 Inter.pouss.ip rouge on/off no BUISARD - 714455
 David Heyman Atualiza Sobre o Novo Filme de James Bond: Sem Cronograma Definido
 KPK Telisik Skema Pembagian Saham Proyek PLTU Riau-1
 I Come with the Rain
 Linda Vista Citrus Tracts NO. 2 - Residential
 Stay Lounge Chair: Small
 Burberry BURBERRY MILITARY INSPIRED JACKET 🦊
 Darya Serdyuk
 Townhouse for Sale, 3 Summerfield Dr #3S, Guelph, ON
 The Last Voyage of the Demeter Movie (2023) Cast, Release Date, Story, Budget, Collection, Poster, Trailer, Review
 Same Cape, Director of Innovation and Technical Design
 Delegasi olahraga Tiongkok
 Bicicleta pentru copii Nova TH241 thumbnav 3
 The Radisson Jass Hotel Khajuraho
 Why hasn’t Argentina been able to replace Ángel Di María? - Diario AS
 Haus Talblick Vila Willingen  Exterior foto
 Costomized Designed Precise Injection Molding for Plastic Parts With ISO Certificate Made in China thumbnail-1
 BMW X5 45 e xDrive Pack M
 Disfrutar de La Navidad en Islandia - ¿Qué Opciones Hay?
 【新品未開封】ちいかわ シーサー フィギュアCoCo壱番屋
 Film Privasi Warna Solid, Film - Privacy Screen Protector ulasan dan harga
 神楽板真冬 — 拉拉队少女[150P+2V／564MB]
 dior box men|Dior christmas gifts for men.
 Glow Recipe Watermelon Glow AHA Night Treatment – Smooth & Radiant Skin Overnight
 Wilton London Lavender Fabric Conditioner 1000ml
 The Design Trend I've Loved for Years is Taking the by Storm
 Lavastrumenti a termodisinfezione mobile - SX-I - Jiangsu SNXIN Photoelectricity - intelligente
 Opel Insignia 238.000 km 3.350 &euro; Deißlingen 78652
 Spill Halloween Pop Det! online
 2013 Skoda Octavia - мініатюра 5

════

* _ASSIGNMENT_: Every line from the one containing "The Radisson Jass Hotel Khajuraho" through the end of the material above should be retyped exactly; please include nothing else.

* _ANSWER TO THIS PROBLEM_:
 The Radisson Jass Hotel Khajuraho
 Why hasn’t Argentina been able to replace Ángel Di María? - Diario AS
 Haus Talblick Vila Willingen  Exterior foto
 Costomized Designed Precise Injection Molding for Plastic Parts With ISO Certificate Made in China thumbnail-1
 BMW X5 45 e xDrive Pack M
 Disfrutar de La Navidad en Islandia - ¿Qué Opciones Hay?
 【新品未開封】ちいかわ シーサー フィギュアCoCo壱番屋
 Film Privasi Warna Solid, Film - Privacy Screen Protector ulasan dan harga
 神楽板真冬 — 拉拉队少女[150P+2V／564MB]
 dior box men|Dior christmas gifts for men.
 Glow Recipe Watermelon Glow AHA Night Treatment – Smooth & Radiant Skin Overnight
 Wilton London Lavender Fabric Conditioner 1000ml
 The Design Trend I've Loved for Years is Taking the by Storm
 Lavastrumenti a termodisinfezione mobile - SX-I - Jiangsu SNXIN Photoelectricity - intelligente
 Opel Insignia 238.000 km 3.350 &euro; Deißlingen 78652
 Spill Halloween Pop Det! online
 2013 Skoda Octavia - мініатюра 5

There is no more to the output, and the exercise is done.